## Work instruction
Tally every line of the records below that includes "Model", and reply with the total alone.

## Given records
"""
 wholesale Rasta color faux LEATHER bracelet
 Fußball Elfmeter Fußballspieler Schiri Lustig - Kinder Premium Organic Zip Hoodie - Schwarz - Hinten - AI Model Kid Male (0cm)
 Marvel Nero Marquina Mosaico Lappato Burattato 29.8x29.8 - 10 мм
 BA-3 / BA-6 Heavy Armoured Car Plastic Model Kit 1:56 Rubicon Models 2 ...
"""
"""
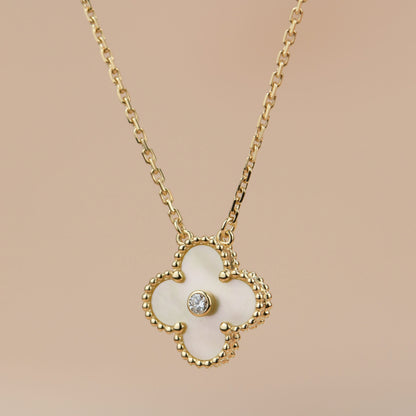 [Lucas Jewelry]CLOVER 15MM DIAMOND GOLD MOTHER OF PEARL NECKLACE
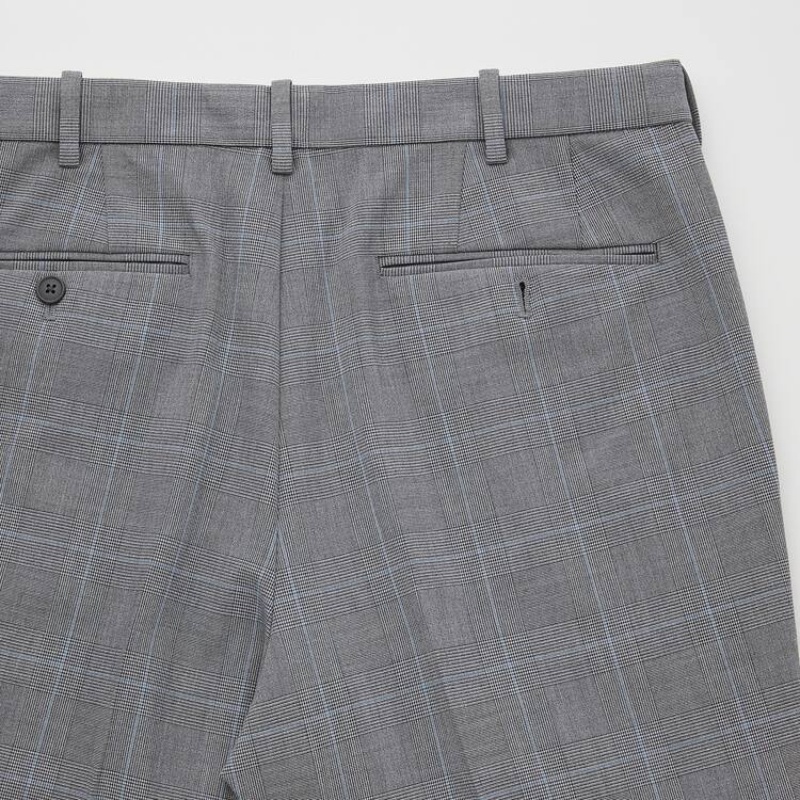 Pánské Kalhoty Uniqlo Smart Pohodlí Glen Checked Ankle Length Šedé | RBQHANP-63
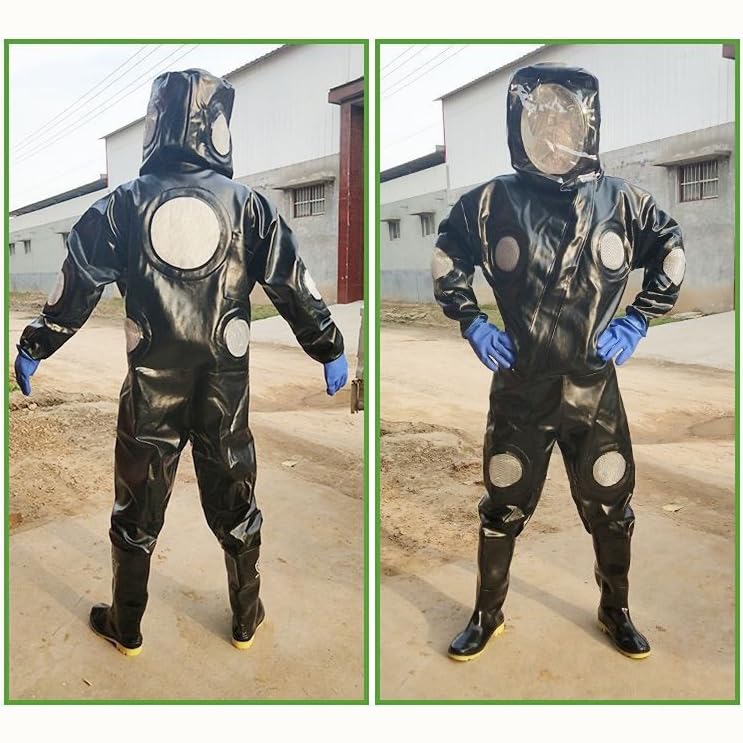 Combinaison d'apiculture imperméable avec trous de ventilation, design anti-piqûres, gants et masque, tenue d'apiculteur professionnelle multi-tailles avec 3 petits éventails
"""
"""
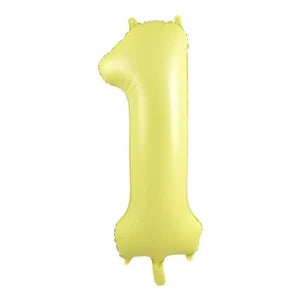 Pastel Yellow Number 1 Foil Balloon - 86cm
"""
## Your response
2